An Iridium Flare over upstate New York
Desch grew up during the Apollo Moon flights, and has always been fascinated by anything that flies. Though he’s never left the troposphere, he pilots his single-engine Cessna T210 several times a month. When discussing Iridium, Desch never fails to mention that the satellite constellation has become an object of obsession among star gazers. All of Iridium’s satellites have flat, door-sized, highly-reflective antennas. When those antennas catch the suns rays just right they produce a “flare” 3o times brighter than Venus in the night sky.
When Desch accepted his new role at Iridium, he was almost immediately handed a huge task: to replace Iridium’s aging constellation with a new generations of satellites. It’s current network is already well past its anticipated operational lifespan of seven to 10 years, and several satellites have already malfunctioned or have tumbled back into the atmosphere. Iridium 33 was decommissioned in a more dramatic fashion in 2009 when it collided over Siberia with a defunct Russian communications satellite at 22,000 mph.
Iridium replaced those defunct or lost satellites with in-orbit spares, and Desch said that the company could keep the current fleet going until 2017 when it hopes to complete its replacement. But there is definitely a sense of urgency. Iridium may be able to squeeze some more operational life out of its satellites, but it doesn’t change the fact they’re already obsolete.
In the last 10 years, mobile communications has shifted its focus from voice to mobile broadband. Satellite broadband technology has made huge leaps. ViaSat in October put into orbit a satellite with a total network capacity of 140 Gbps, allowing it to offer speeds up to 12 Mbps to customers on the ground. Iridium’s closest competitor Globalstar, which runs a constellation of 40 satellites, is already one-third of the way through its next-generation satellite deployment.
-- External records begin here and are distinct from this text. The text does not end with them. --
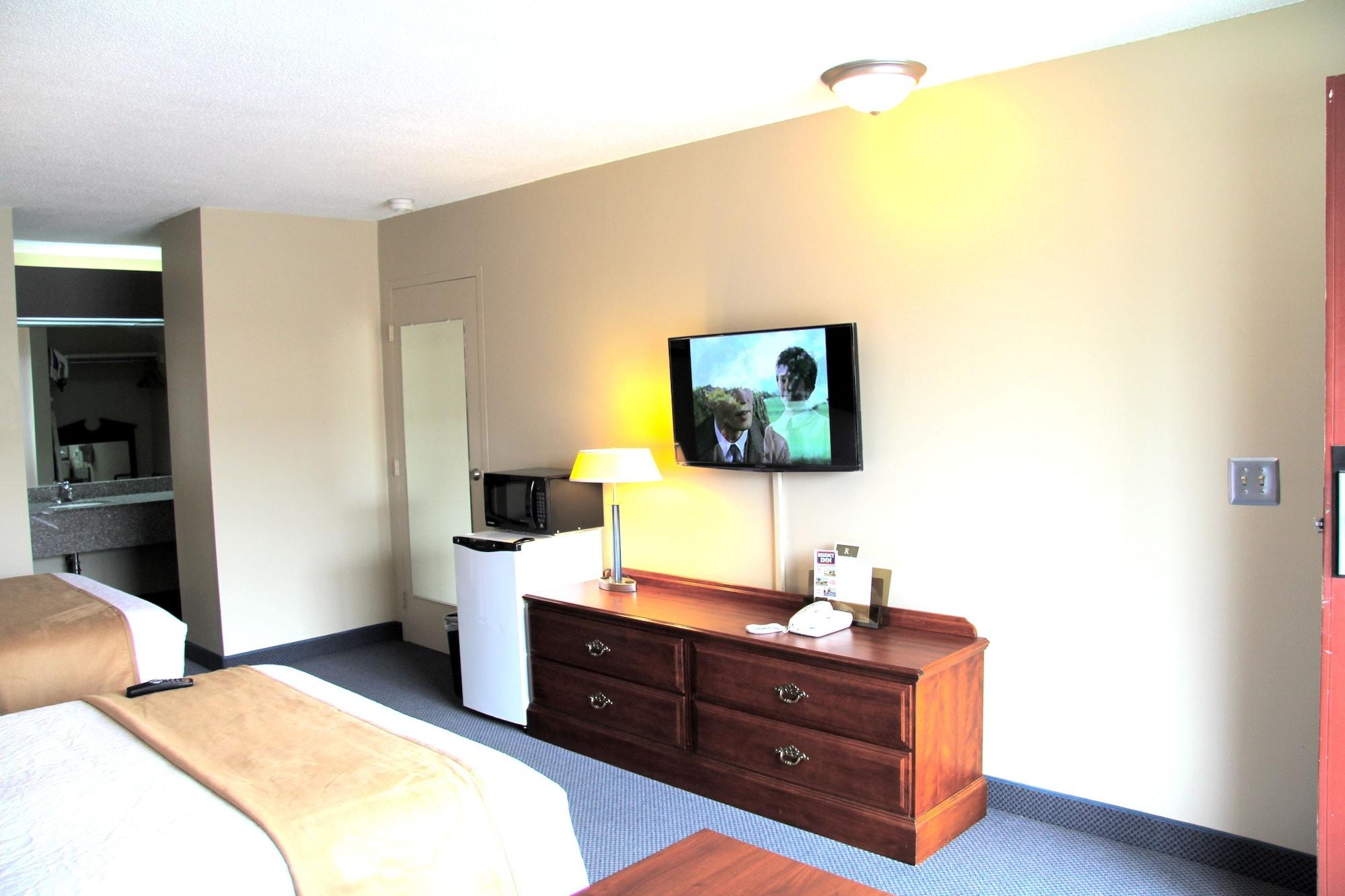 Regency Inn Of Eddyville Kuttawa Bagian luar foto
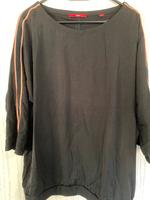 S.Oliver Shirt Gr. 44 Sachsen - Gersdorf Vorschau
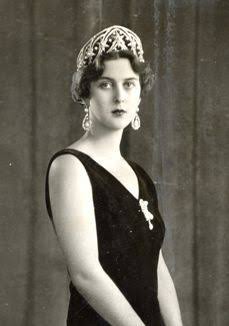 The Tragic Death of Prince Philip's Sister, Princess Cecille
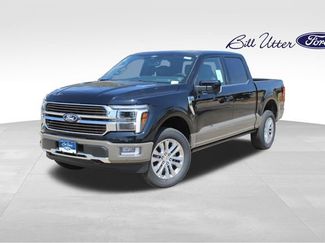 New 2026 Ford F150 King Ranch w/ Equipment Group 601A High AWD/4WD video 1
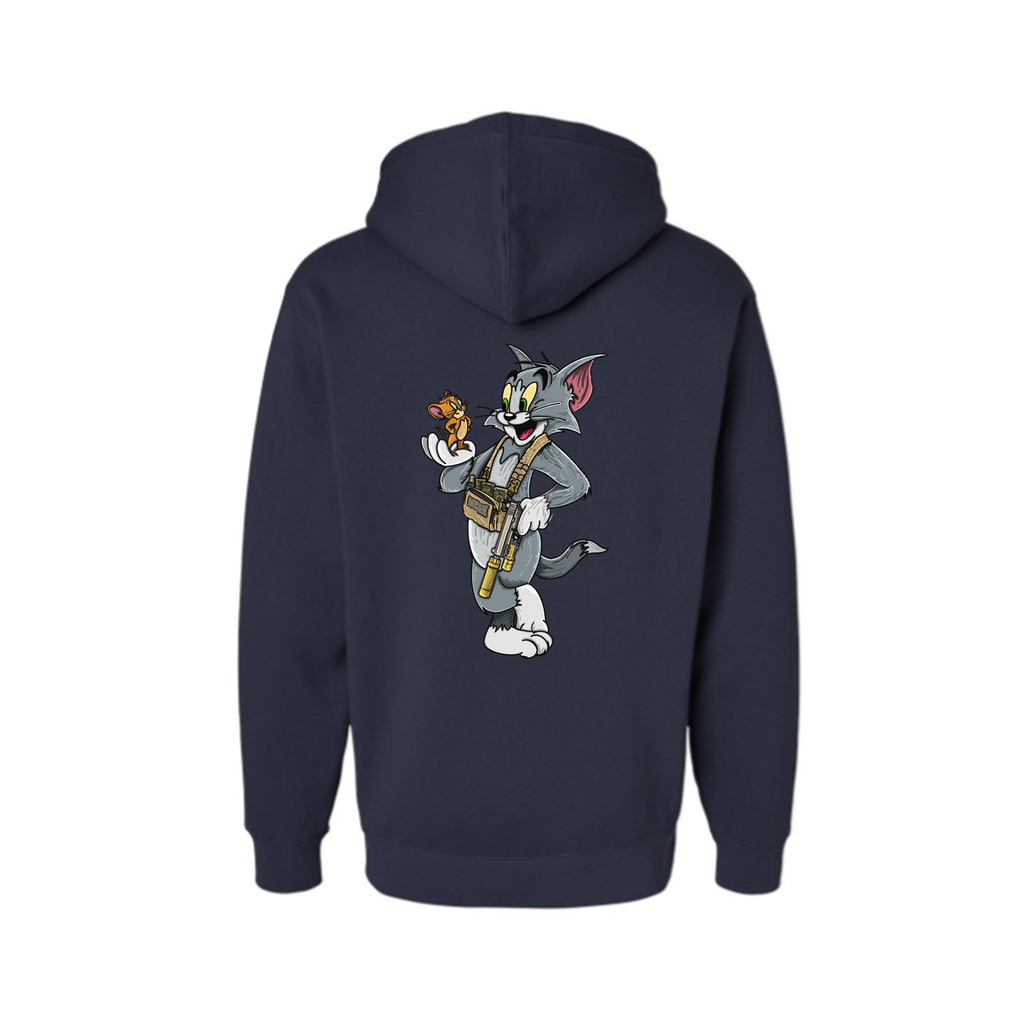 Gotcha Hoodie T-Shirts, Sweatshirt | CoreVibeTees.com (Image 1)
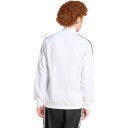 Adidas Originals First Treningsjakke Herre Hvit M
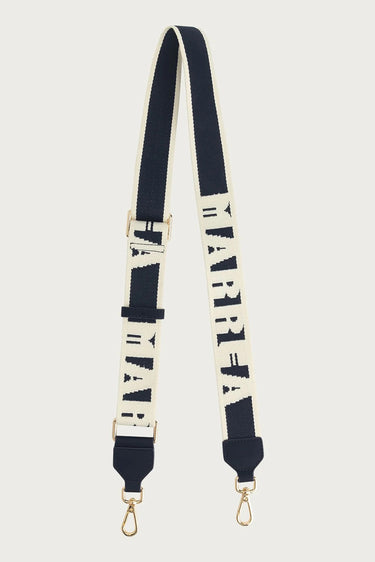 Marrea shoulder strap almost midnight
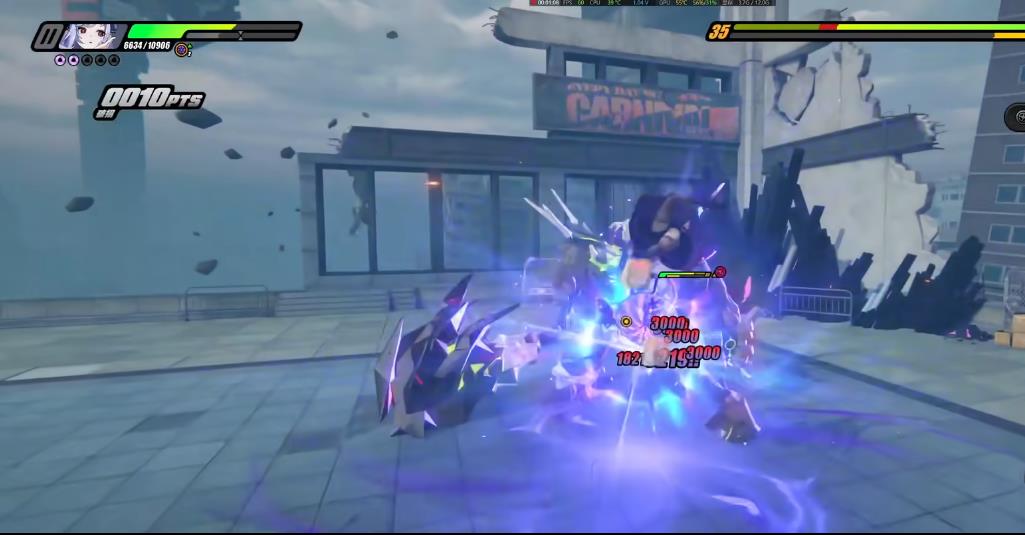 绝区零薇薇安实战该怎么玩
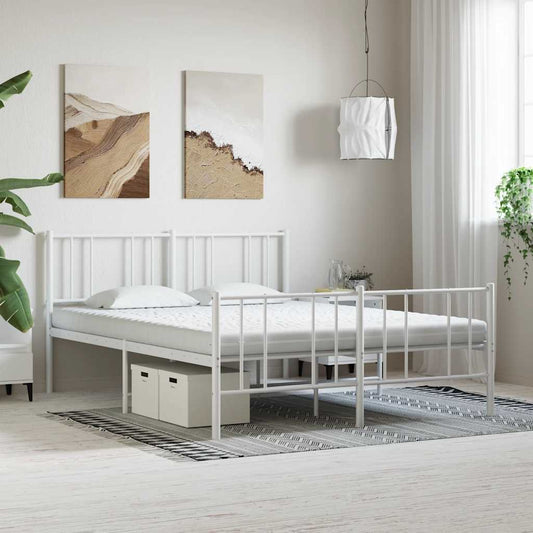 Materasso In Schiuma Bianco 7 Zone Durezza 20 Ild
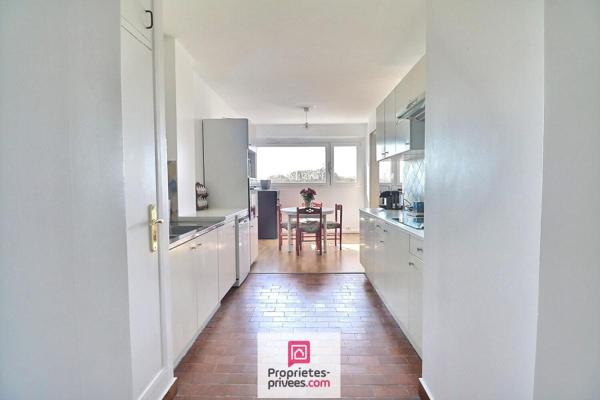 Appartement Poissy 4 pièce(s) 90 m2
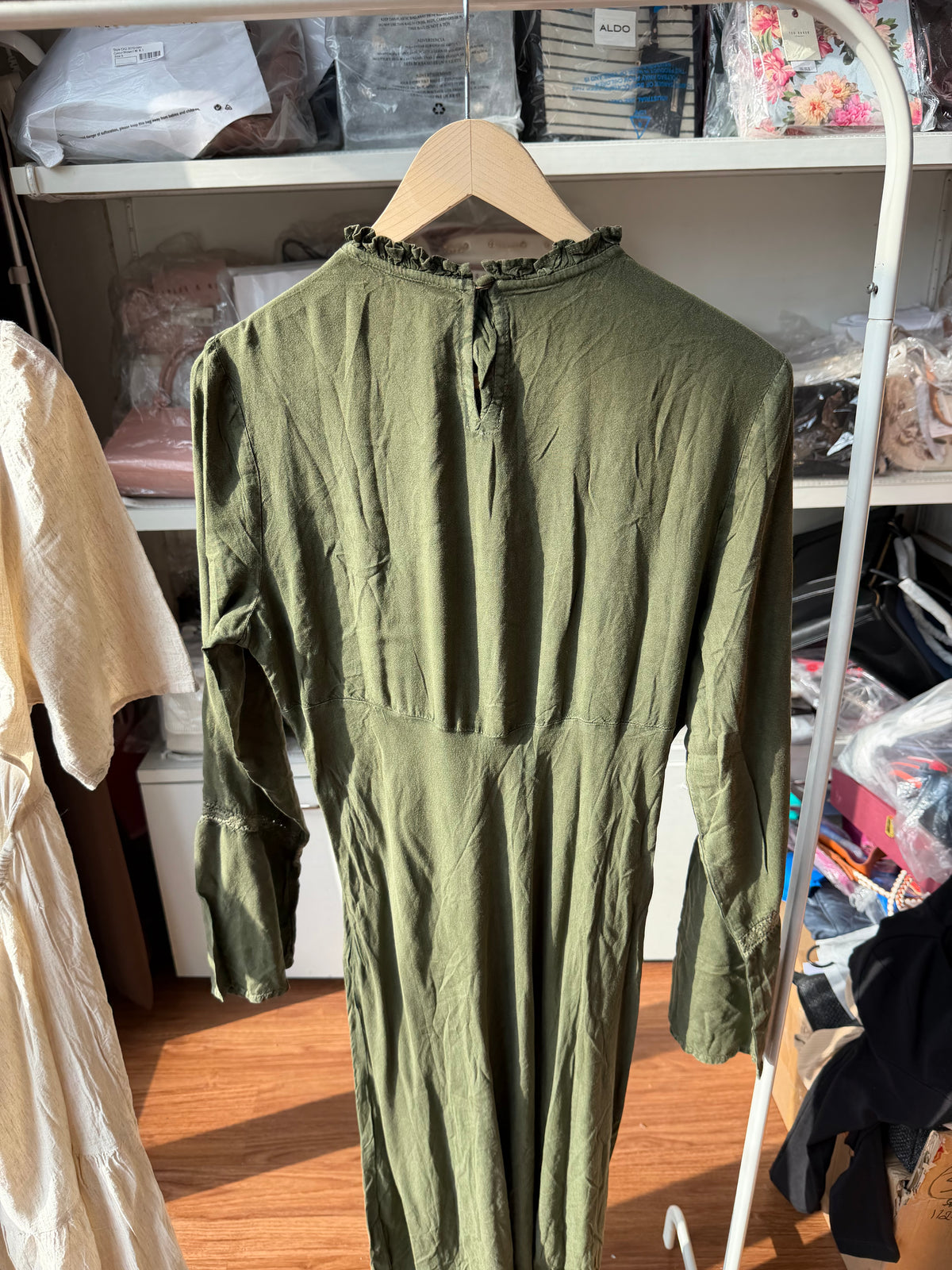 ASOS DRESS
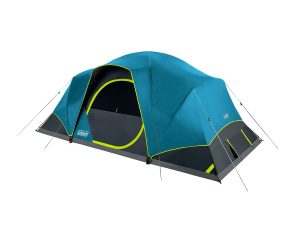 Skydome&trade; XL 10-Person Camping Tent with Dark Room&trade; Technology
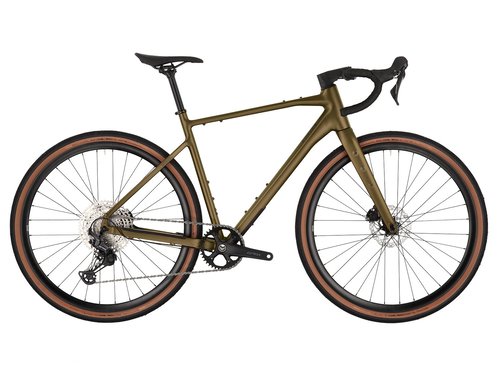 Carver Gravel 220 1by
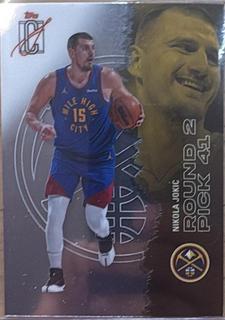Nikola Jokic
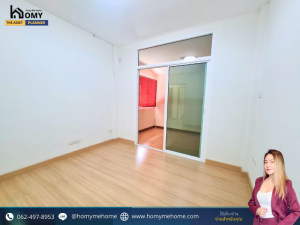 ขายบ้าน อ่อนนุช หมูบ้านสวนปาลม์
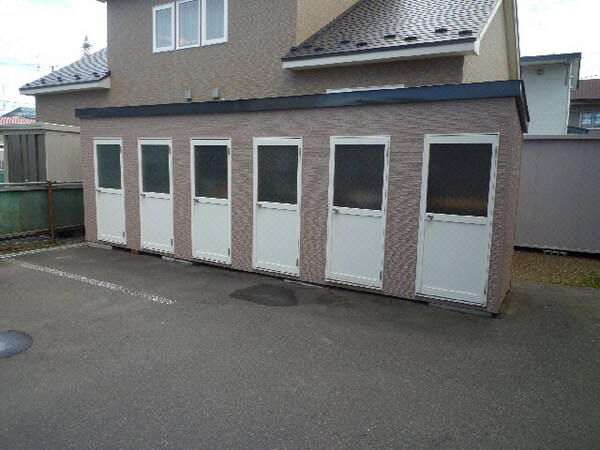 建物設備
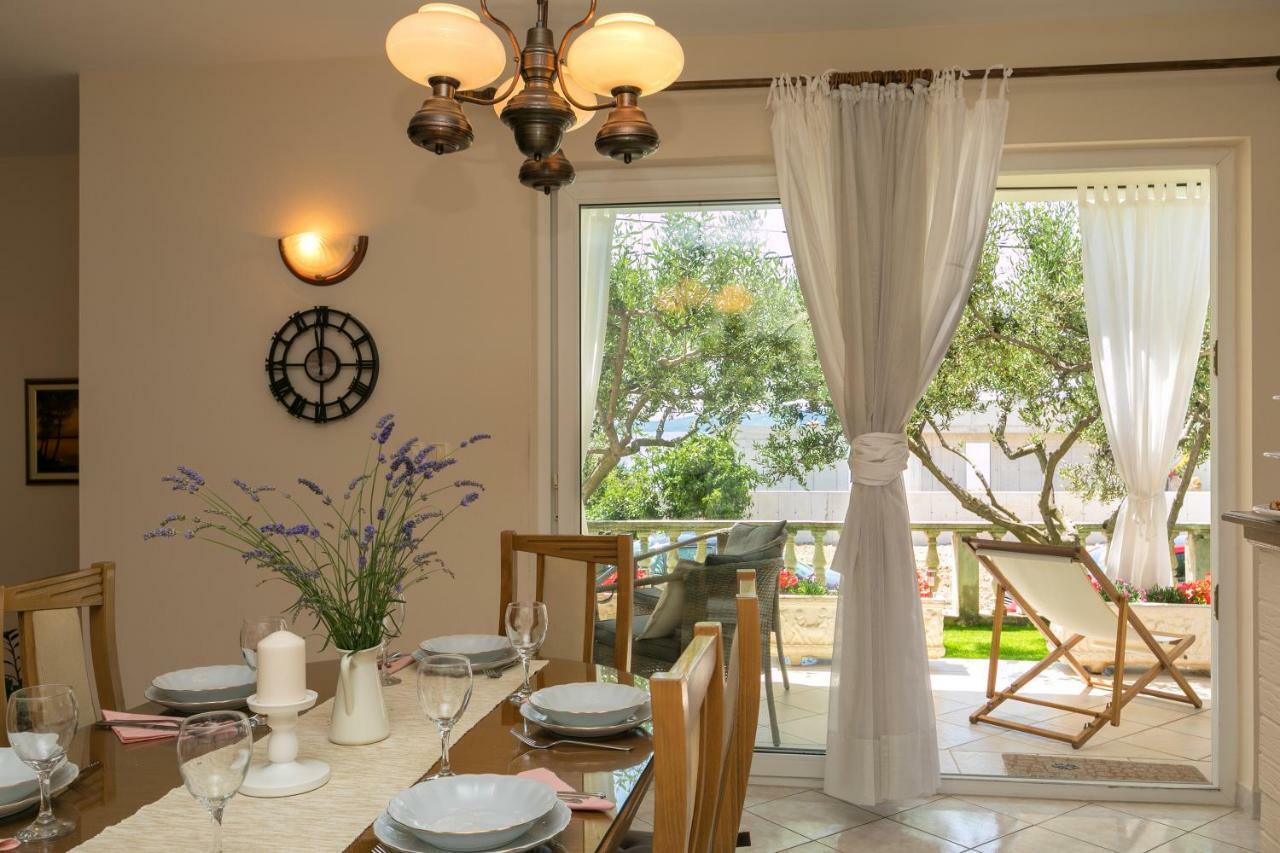 Villa Bosko Kastela Dış mekan fotoğraf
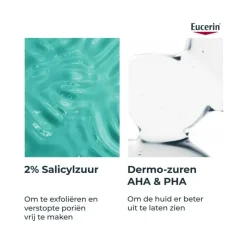 Sale Eucerin DERMOPURE CLINICAL Corrigerende Reinigingsgel Gevoelige Huid 400 ML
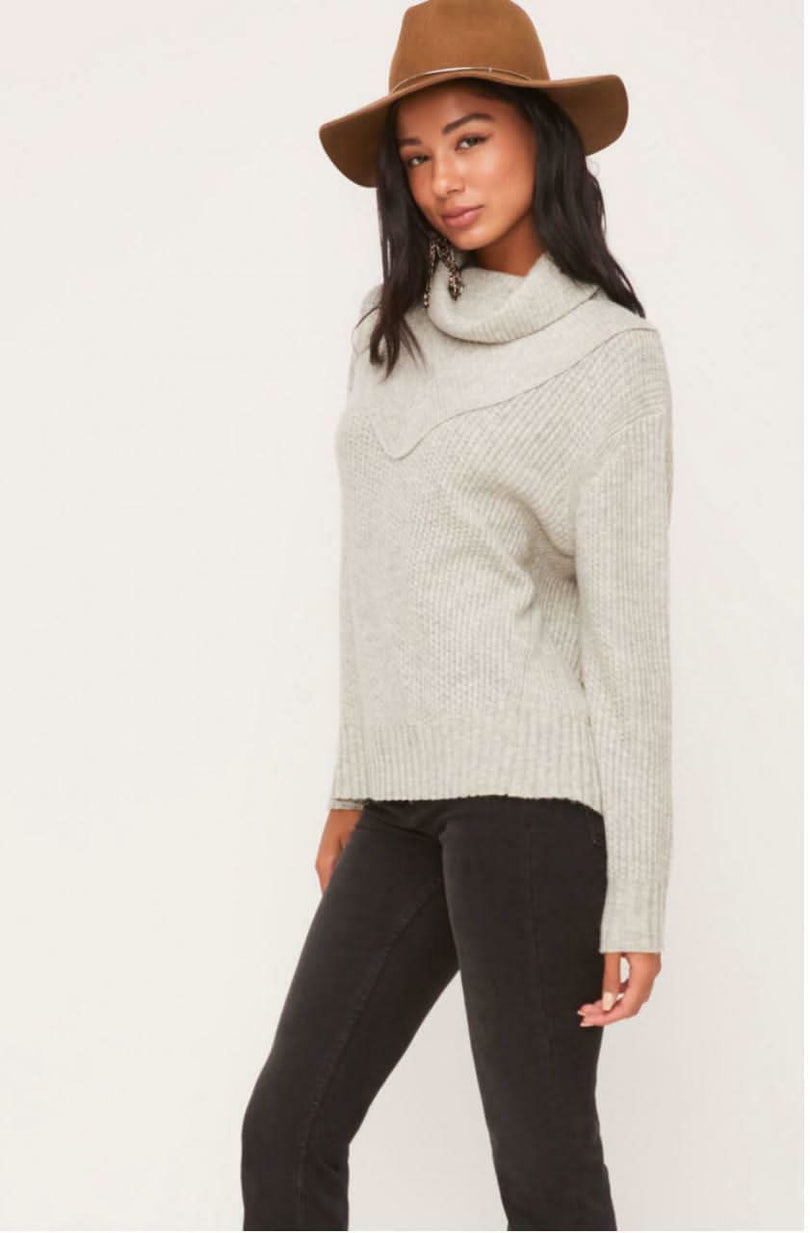 Fall Sweaters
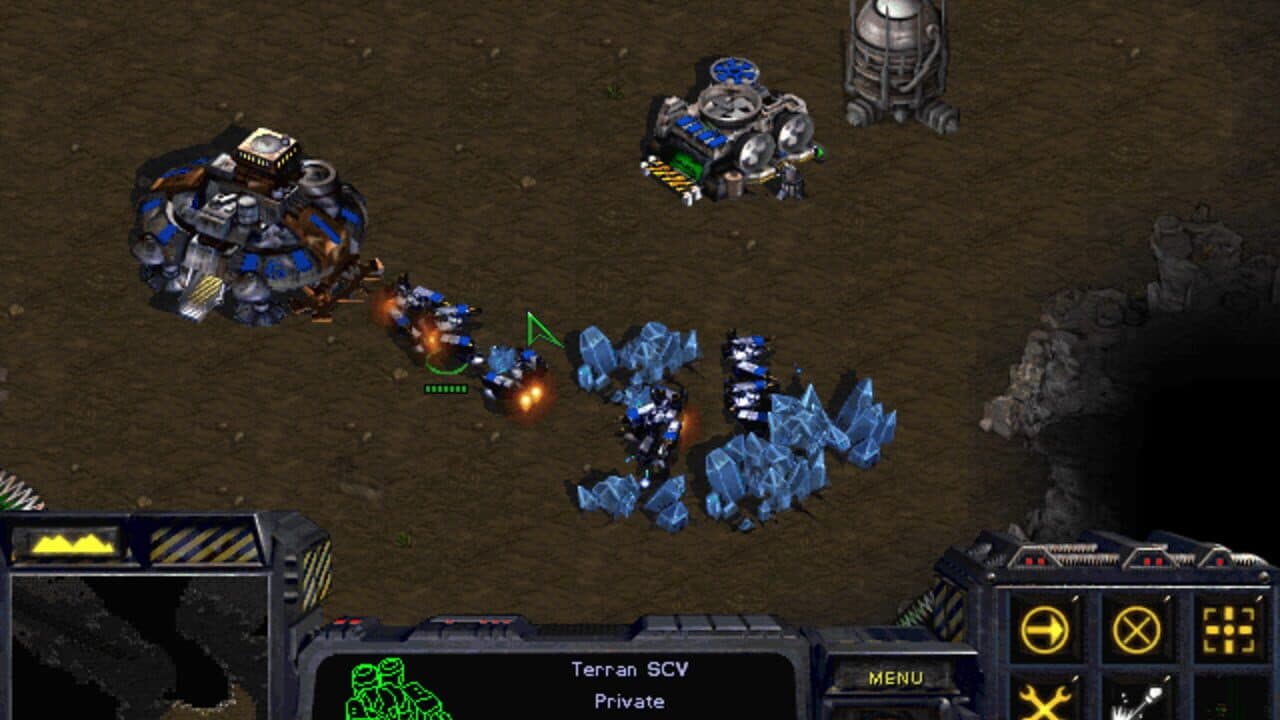 StarCraft thumbnail 3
Globalstar’s orbiters only support speeds of 256 kbps, but even those sub-broadband connections put Iridium at a significant disadvantage.
Iridium’s network can only support a 10 kbps earth-to-orbit connection, which is pretty much the speed of a 1990 dial-up modem. That might be fine for downloading email without attachments from an ocean-bound oil tanker or sending out the GPS coordinates of a polar expedition. But in an age of multi-megabit connections to smartphones, those speeds just don’t cut it.

Desch’s big bet

Between 2015 and 2017, Iridium plans to replace every single one of its 66 current satellites with new Thales Alenia-built orbiters, and also throw up six spares. Called Iridium Next, the constellation will boast device connection of speeds of well over 1 Mbps to mobile devices and 8 Mbps to dish antennas, and will significantly boost the capacity of the overall satellite grid. When the constellation is complete, Desch said, Iridium will be the only communications company in the world that can deliver a megabit or more of a bandwidth to any point on the globe.
To get such a huge payload into low-Earth orbit, Desch didn’t just need a launch provider to supply multiple rockets, he needed one that could reliably send those rockets into space every few months starting in 2015. Once Iridium puts its first batch of satellites into orbit, the others need to go up in rapid succession.
Iridium’s satellites aren’t just bouncing signals back down to the Earth’s surface. They’re inter-networked. They’re passing calls among one another in a cosmic game of hot potato until one of those satellites flies over one of four ground stations where it finally connects the call to the terrestrial network.
Having a 1 Mbps connection to a new satellite does little good if the satellite completing the chain can only support dial-up speeds. So Iridium Next won’t be open for business until the full complement of 66 new satellites is in orbit.
Finally, Iridium had to buy those launches on the cheap, according to mobile satellite services analyst Tim Farrar. The original Iridium constellation in 1999 was a multi-billion-dollar debacle. So Iridium is determined to get its next-generation network up on a $3 billion budget, Farrar said.
“Iridium really had to go with SpaceX, because more established players have found their launch services in heavy demand in recent years and so have been raising prices,” Farrar said.
For $492 million, SpaceX would deliver eight launches, while any other rocket supplier would have charged $1 billion for the same services, Desch said. But Iridium also hedged its bets. It contracted with ISC Kosmotras – a launch consortium between Russia, the Ukraine and Kazakhstan — to serve as a second launch provider and as a backup in case SpaceX is delayed.
Still, it wasn’t an easy decision, Desch said. Iridium first started negotiating with SpaceX in 2006, when its rockets started falling out of the sky. It wouldn’t matter how much of a deal SpaceX cut if it couldn’t deliver a reliable launch vehicle or ceased operations.
“Our view was always that SpaceX was going to be successful,” Desch said. “What we weren’t sure about was when they would be successful.” Iridium had some leeway since its first launch wasn’t scheduled until 2015, but it couldn’t push its launch date out much further. At that point Iridium’s old orbiters would be 15 years old, long past their original expiration dates. It needed to get the new birds up but before the old ones start failing en masse.
Iridium is by no means Space X’s most important customer — that would be NASA. Nor is Iridium SpaceX’s first commercial satellite customer. But the size and scope of the Iridium deal were key to establishing the fledgling aerospace company as a heavyweight in the commercial launch industry, said SpaceX President Gwynne Shotwell, who led negotiations with the satellite operator.

Gwynne Shotwell
“We definitely knew the significance of that deal,” Shotwell said. “It was the largest commercial launch contract at the time. No one else has ordered six or seven launches. … It’s helped us out in every deal we’ve gotten since.”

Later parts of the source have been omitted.